Homemade dog treats get tails wagging

Amid the tall waves of tents shielding ripe summer fruits and vegetables from the blaring sun and crowds of market shoppers sampling baked goods and picking up fresh local produce stands a tiny white tent that attracts a different sort of customers — four-legged ones.

Every Saturday, Jan-Marie Swanson sets up shop at the Barton Creek Farmers Market to sell homemade dog treats.

Swanson started making dog treats seven years ago when her own dogs showed lackluster interest in the store-bought treats she brought home. At the time, Swanson just wanted to make something special for her four-legged friends. But one day, while Swanson and a friend were walking their cocker spaniels, they thought, why not turn Swanson’s homemade dog treats into a business?

At the beginning, the two thought of opening up a bakery that served baked goods for people and their pets. But the idea quickly plummeted when they realized that people rarely want to eat food that has been prepared at a place that also makes dog treats.

The alternative was Happy Tails Cafe, an online dog bakery that sells homemade, organic dog biscuits and birthday cakes.
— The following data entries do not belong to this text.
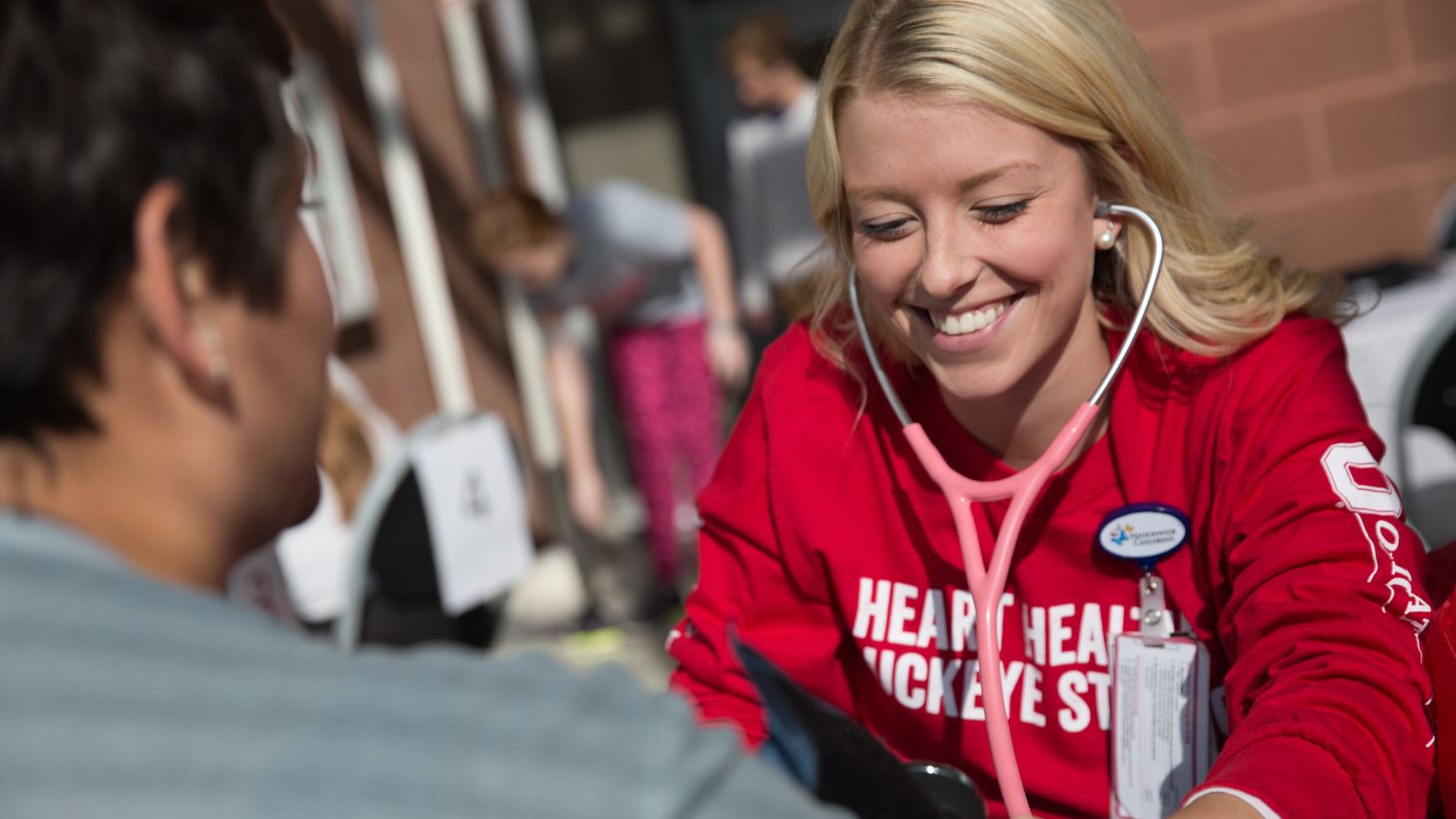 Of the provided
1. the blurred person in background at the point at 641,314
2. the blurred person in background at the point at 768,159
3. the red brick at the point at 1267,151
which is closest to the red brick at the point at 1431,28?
the red brick at the point at 1267,151

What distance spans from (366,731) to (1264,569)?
32.9 inches

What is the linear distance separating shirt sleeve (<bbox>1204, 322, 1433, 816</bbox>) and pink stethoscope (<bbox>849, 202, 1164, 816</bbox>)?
0.12 m

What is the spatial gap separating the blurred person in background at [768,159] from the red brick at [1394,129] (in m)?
1.66

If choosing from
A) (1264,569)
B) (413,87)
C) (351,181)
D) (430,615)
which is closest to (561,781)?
(1264,569)

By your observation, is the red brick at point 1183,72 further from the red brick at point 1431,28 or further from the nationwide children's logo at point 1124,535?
the nationwide children's logo at point 1124,535

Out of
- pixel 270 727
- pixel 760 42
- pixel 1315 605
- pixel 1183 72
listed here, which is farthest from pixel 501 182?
pixel 270 727

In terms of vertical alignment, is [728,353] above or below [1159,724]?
below

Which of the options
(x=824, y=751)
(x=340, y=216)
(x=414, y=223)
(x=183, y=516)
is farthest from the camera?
(x=414, y=223)

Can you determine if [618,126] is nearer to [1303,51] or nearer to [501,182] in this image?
[501,182]

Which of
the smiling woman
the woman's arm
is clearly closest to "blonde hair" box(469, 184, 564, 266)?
the woman's arm

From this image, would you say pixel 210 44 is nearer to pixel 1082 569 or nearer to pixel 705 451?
pixel 1082 569

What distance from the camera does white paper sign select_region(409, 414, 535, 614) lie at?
7.32 feet

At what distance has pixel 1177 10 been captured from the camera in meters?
4.03

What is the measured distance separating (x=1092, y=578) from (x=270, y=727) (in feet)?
2.99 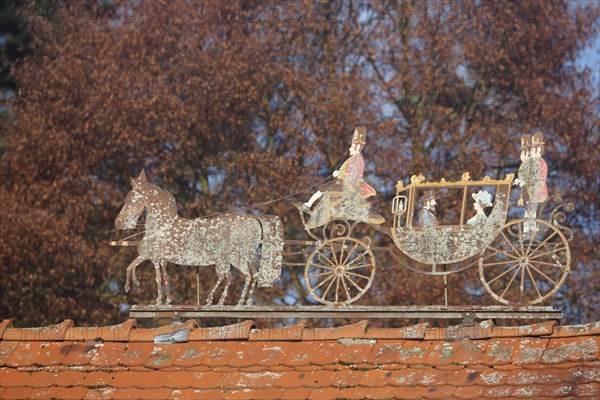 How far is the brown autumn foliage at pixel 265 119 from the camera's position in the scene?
24.4 meters

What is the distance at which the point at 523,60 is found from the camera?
26922mm

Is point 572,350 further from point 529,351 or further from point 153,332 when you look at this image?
point 153,332

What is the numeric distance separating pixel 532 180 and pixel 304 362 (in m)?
2.84

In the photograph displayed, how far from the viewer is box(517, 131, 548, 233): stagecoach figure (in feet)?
39.1

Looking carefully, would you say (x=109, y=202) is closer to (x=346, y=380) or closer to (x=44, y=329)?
(x=44, y=329)

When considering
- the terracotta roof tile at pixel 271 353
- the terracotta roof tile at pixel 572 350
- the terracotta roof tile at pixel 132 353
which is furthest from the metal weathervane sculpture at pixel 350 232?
the terracotta roof tile at pixel 572 350

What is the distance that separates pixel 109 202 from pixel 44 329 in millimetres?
14035

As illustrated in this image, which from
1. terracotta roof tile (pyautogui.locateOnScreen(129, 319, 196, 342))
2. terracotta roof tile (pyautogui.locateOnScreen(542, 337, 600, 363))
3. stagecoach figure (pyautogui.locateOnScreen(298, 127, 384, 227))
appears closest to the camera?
terracotta roof tile (pyautogui.locateOnScreen(542, 337, 600, 363))

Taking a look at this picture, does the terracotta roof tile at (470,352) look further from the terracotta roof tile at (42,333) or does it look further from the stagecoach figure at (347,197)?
the terracotta roof tile at (42,333)

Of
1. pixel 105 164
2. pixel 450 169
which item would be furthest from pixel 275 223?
pixel 105 164

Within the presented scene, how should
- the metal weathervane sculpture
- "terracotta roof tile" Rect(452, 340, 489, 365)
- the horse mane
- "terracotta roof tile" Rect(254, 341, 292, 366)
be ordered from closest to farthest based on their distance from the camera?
"terracotta roof tile" Rect(452, 340, 489, 365) → "terracotta roof tile" Rect(254, 341, 292, 366) → the metal weathervane sculpture → the horse mane

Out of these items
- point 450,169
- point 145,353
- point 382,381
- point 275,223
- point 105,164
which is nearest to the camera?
point 382,381

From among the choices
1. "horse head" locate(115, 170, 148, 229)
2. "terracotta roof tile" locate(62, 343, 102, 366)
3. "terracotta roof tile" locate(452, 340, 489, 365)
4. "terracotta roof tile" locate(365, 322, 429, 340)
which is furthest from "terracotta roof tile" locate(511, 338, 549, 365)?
"horse head" locate(115, 170, 148, 229)

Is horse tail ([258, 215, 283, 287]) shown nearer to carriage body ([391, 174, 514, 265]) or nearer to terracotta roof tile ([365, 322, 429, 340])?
carriage body ([391, 174, 514, 265]) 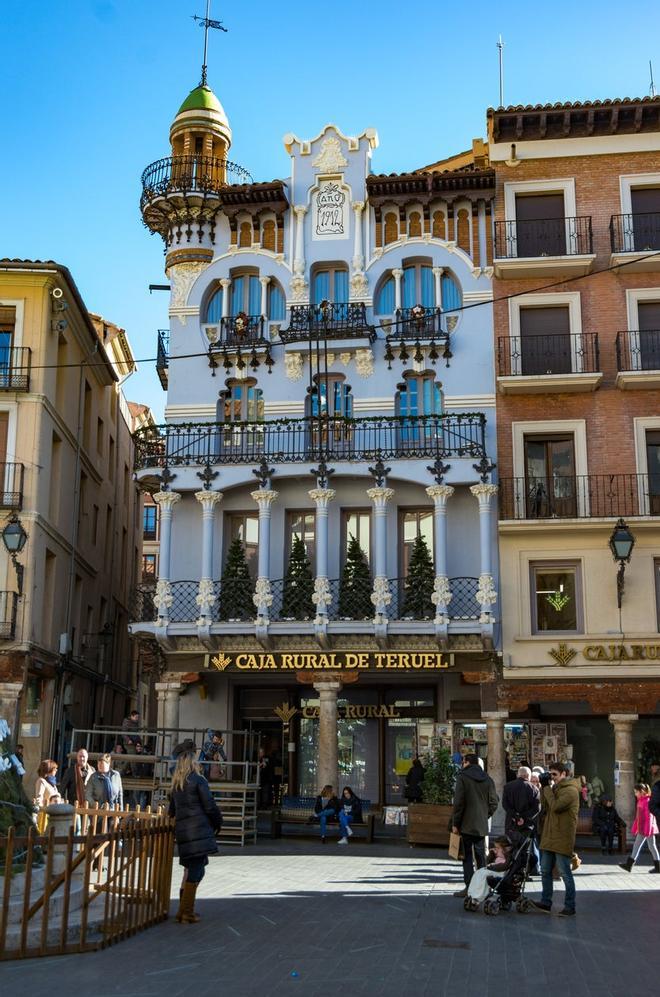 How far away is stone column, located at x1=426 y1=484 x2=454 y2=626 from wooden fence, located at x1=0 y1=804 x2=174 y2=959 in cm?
1547

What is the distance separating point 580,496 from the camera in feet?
90.3

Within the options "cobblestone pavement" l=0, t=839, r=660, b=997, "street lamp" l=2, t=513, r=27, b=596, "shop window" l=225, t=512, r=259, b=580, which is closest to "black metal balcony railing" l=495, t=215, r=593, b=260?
"shop window" l=225, t=512, r=259, b=580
Swanson said the two planned on opening an actual dog bakery, but after her business partner moved away, Swanson had to alter her plans.

Over the past four years, Swanson has revamped her dog-treat recipes and started Happy Tails Play & Go!, a pet-sitting and dog-walking business.

“I just love dogs, and I’ve always wanted to do something with dogs,” Swanson said.

Ever since she was a child, Swanson has never been without a dog. Her current companion, Sophie — a black and white cocker spaniel whom she calls “baby” — is the taste-tester and spokespuppy for Happy Tails Cafe.

Baking three mornings a week, Swanson devotes each day to one flavor. She initially got her recipes from the Internet but tweaked them to make the treats preservatives-free. All the basic ingredients are organic, she said, like the flour found in all of the treats and the peanut butter in Peanut Mutters. From the bacon in Barkin Bacon to the cheese in Cheddar Chomps, all of the ingredients are also real and chemical-free. Swanson uses natural flavors without relying on artificial flavorings, sugar or salt. She also uses ingredients that are beneficial to dogs’ health and hygiene. The parsley in Cheddar Chomps helps relieve bad dog breath, and the garlic in Barkin Bacon provides a good source of antioxidants.

“It was a lot of trial and error,” Swanson said. “It was especially difficult to make the treats without using preservatives and not having them spoil.”

Since all of the ingredients Swanson uses are also staples of food for human consumption, oftentimes customers at the farmers market pop the snacks in their mouths, mistakenly thinking they are samples of human snacks.

“It won’t hurt them, but it’s funny when I tell them they’re dog treats, they freak out,” Swanson said, laughing. “I actually eat the Cheddar Chomps when there’s no carbs in the house.”

The most popular treat by far is the pig-shaped Barkin Bacon, made of nitrate-free bacon, eggs, garlic and organic whole-wheat flour.

Besides offering homemade dog biscuits, Swanson also makes dog birthday cakes upon request. The cakes come in three flavors — chicken garlic, apple and banana — and are iced with a cream-cheese frosting and sprinkled with carob chips, which are essentially dog-friendly, cocoa-free chocolate chips.

In addition to offering baked goods, Swanson sells her own hand-crafted canine-grooming products including shampoo, paw and nose butter balm, and bug spray. Swanson got the base of the shampoo from a company in Vermont and experimented with hand-blending until she got a scent she liked.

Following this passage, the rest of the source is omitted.